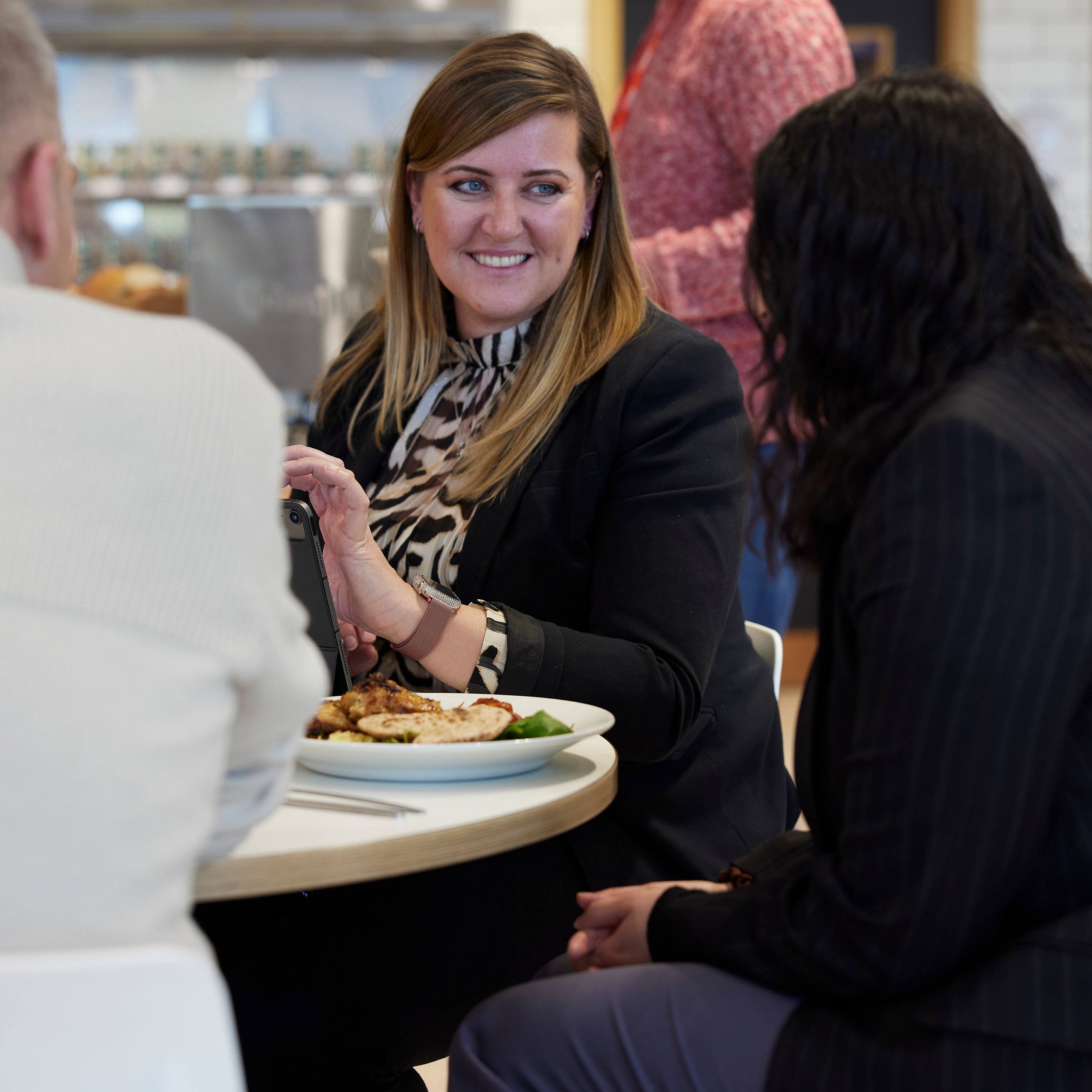 Three people at a table, discussing catering, one smiling.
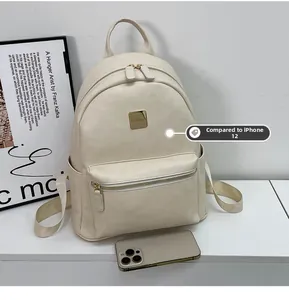 Detail view of cream faux leather backpack with gold metal plaque and phone size comparison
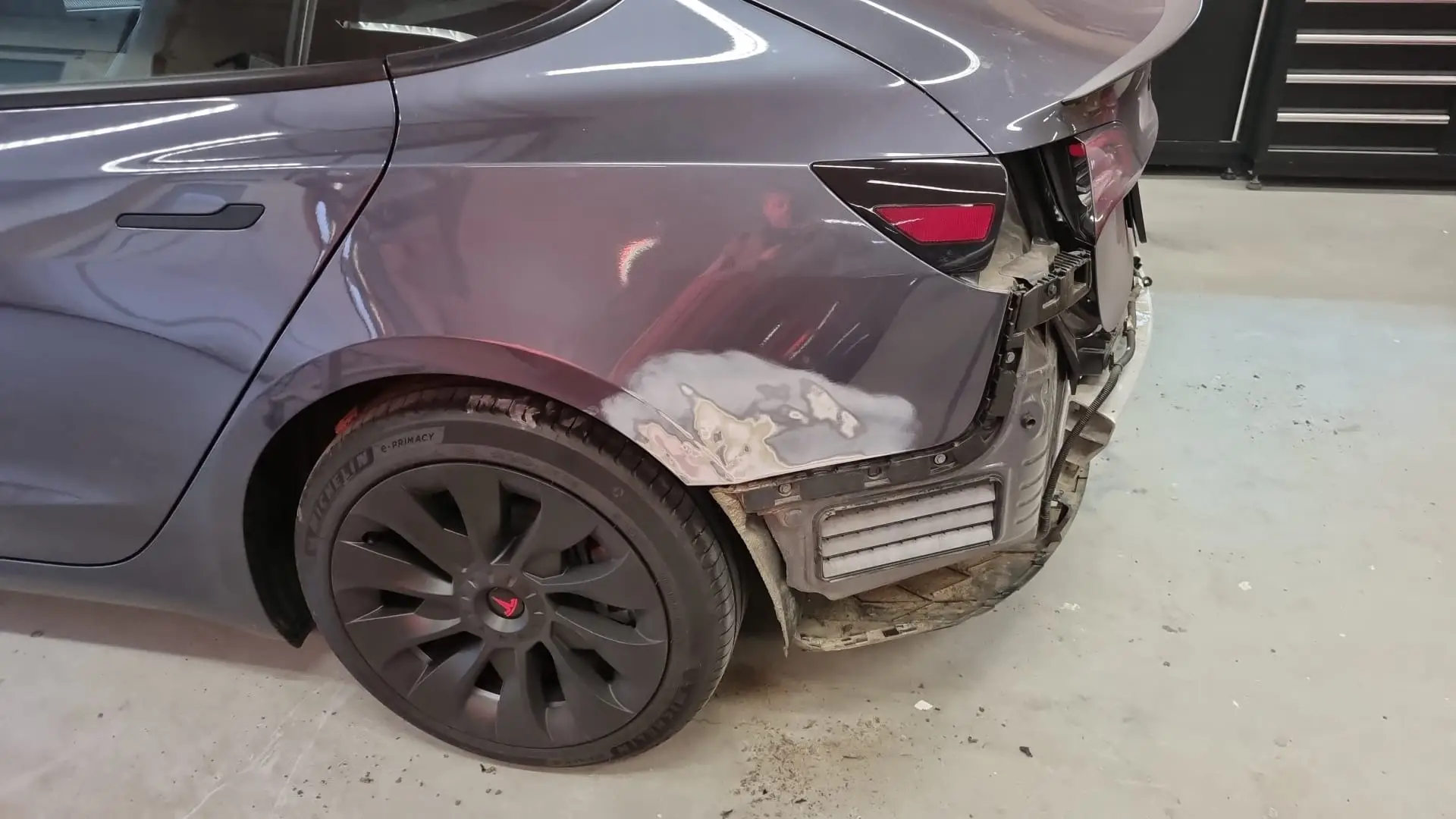 Achterscherm van een Tesla Model 3 in reparatie, geplamuurd voor het spuiten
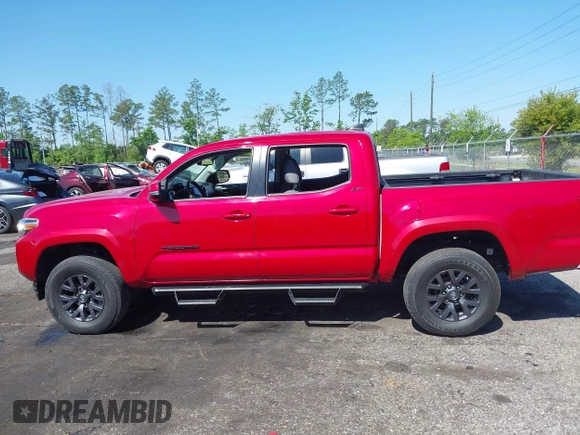 2022 Toyota Tacoma SR with VIN 3TMCZ5AN7NM470900, listed as a IAAI auction lot 42060911 with 38,869 mi miles and . Bid and sale history available at DreamBid. Image 14.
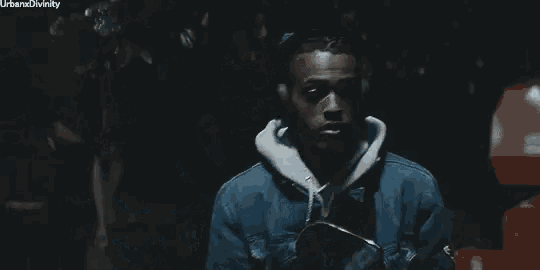 a man in a denim jacket and headphones is standing next to a woman in a dark room .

__YOUR GOAL__. Apart from the pictures, repeat every entry exactly.

__EXERCISE ANSWER__.
 Three people at a table, discussing catering, one smiling.
 Detail view of cream faux leather backpack with gold metal plaque and phone size comparison
 Achterscherm van een Tesla Model 3 in reparatie, geplamuurd voor het spuiten
 2022 Toyota Tacoma SR with VIN 3TMCZ5AN7NM470900, listed as a IAAI auction lot 42060911 with 38,869 mi miles and . Bid and sale history available at DreamBid. Image 14.
 a man in a denim jacket and headphones is standing next to a woman in a dark room .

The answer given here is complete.